Sebab ucapan ini bakal berpengaruh pada situasi politik bahkan kebijakan.
"Memang ada sebagian yg pasti akan bilang itu hanya basa basi. Tapi justru di situ letak etik bagi penyelenggara negara, dalam keseharian, dalam berkomentar, ada batas-batas etik yang tinggi," ujar Bivitri.
"Karena setiap perkataan seorang penyelenggara negara, apalagi presiden, bisa berpengaruh pada situasi politik, bahkan kebijakan," tambahnya.
Baca juga: Pengamat soal Jatah Prabowo: Presiden Jokowi Ingin Sebagai Salah Satu King Maker Pilpres 2024
Lebih lanjut, dalam hal perkataan Jokowi ke Prabowo, Bivitri menjelaskan hal tersebut bisa saja kelihatan remeh, tapi ada dua konteks makna di baliknya.

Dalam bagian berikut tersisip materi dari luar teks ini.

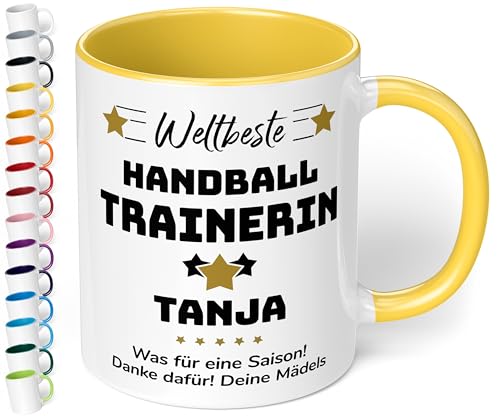 True Statements Geschenk für Trainerin: Keramik-Tasse „Weltbeste Trainerin“ personalisiert mit Sportart, Namen und Wunschtext – Kaffeebecher 330ml. – Tanz Zumba (Hellgelb) von True Statements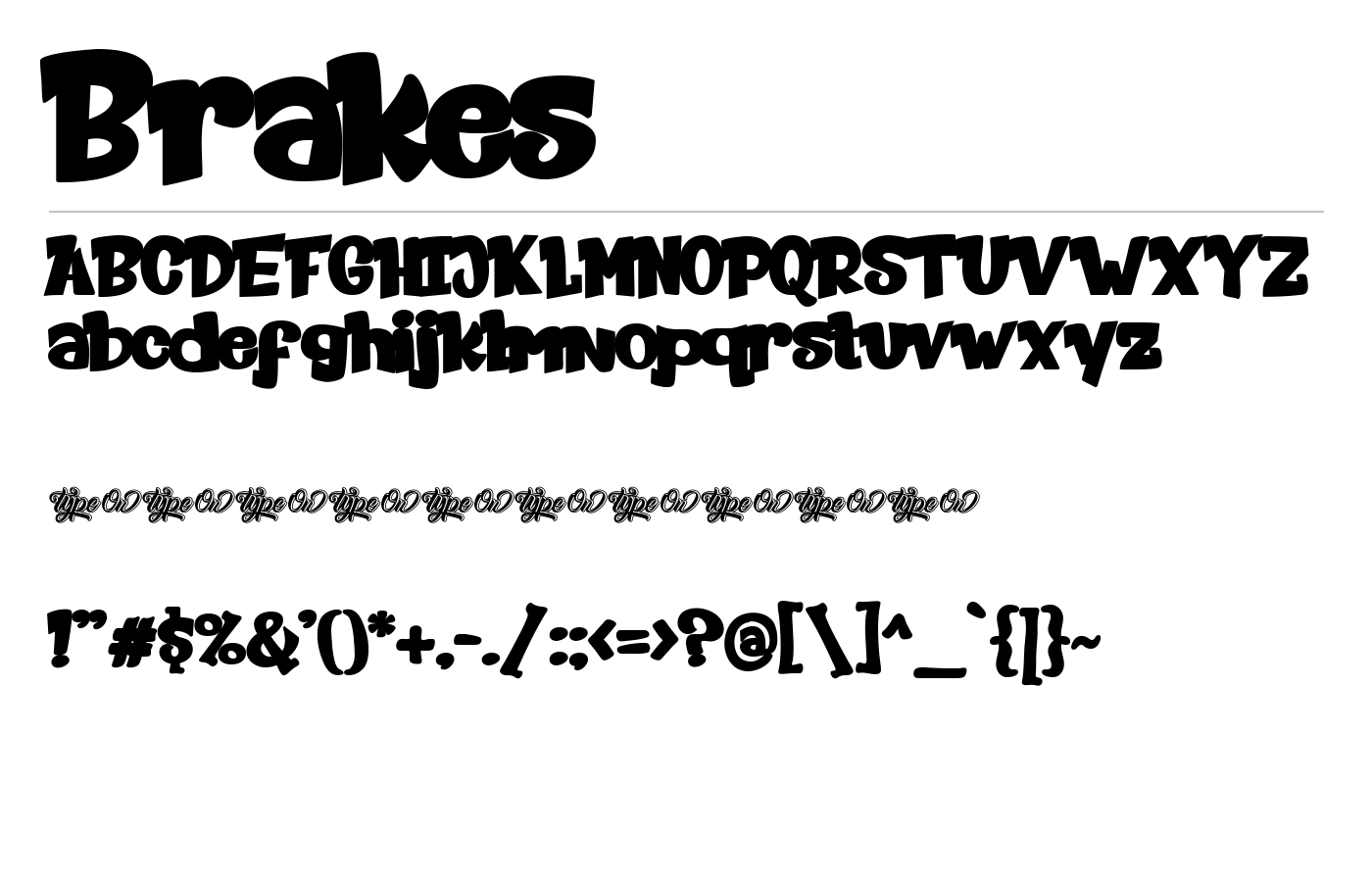 Brakes Font preview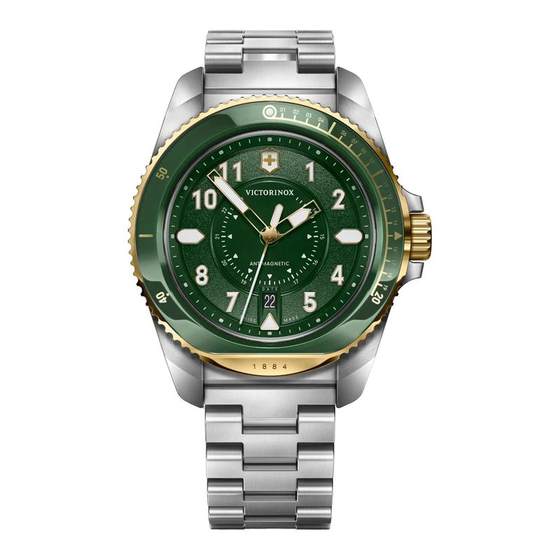 Victorinox men's fashionable green disc silver watch stainless steel gold-plated strap light luxury gift
Victorinox men's fashionable green disc silver watch stainless steel gold-plated strap light luxury gift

"Pertama dalam negosiasi politik yang sekarang ini tengah dilakukan. Kedua kebijakan yan mungkin harus atau akan diambil terkait dengan putusan MK mengenai menteri yang nyapres atau nyaleg," tegasnya.
Lebih lanjut, perkataan Jokowi ini dinilai seakan-akan Indonesia bukan lagi negara demokrasi lagi, tetapi monarki. Sebab, penguasa selanjutnya harus disetujui oleh penguasa yang sekarang.
Juga, tindakan ini seakan-akan menunjukkan pihaknya mau bergantian dalam menduduki kursi kepemimpinan.
"Karena Prabowo kan dulu rival jokowi, jadi ganti-gantian saja. Sangat elitis, hanya siapa di lingkaran itu yg bisa ganti menggantikan," jelas Bivitri.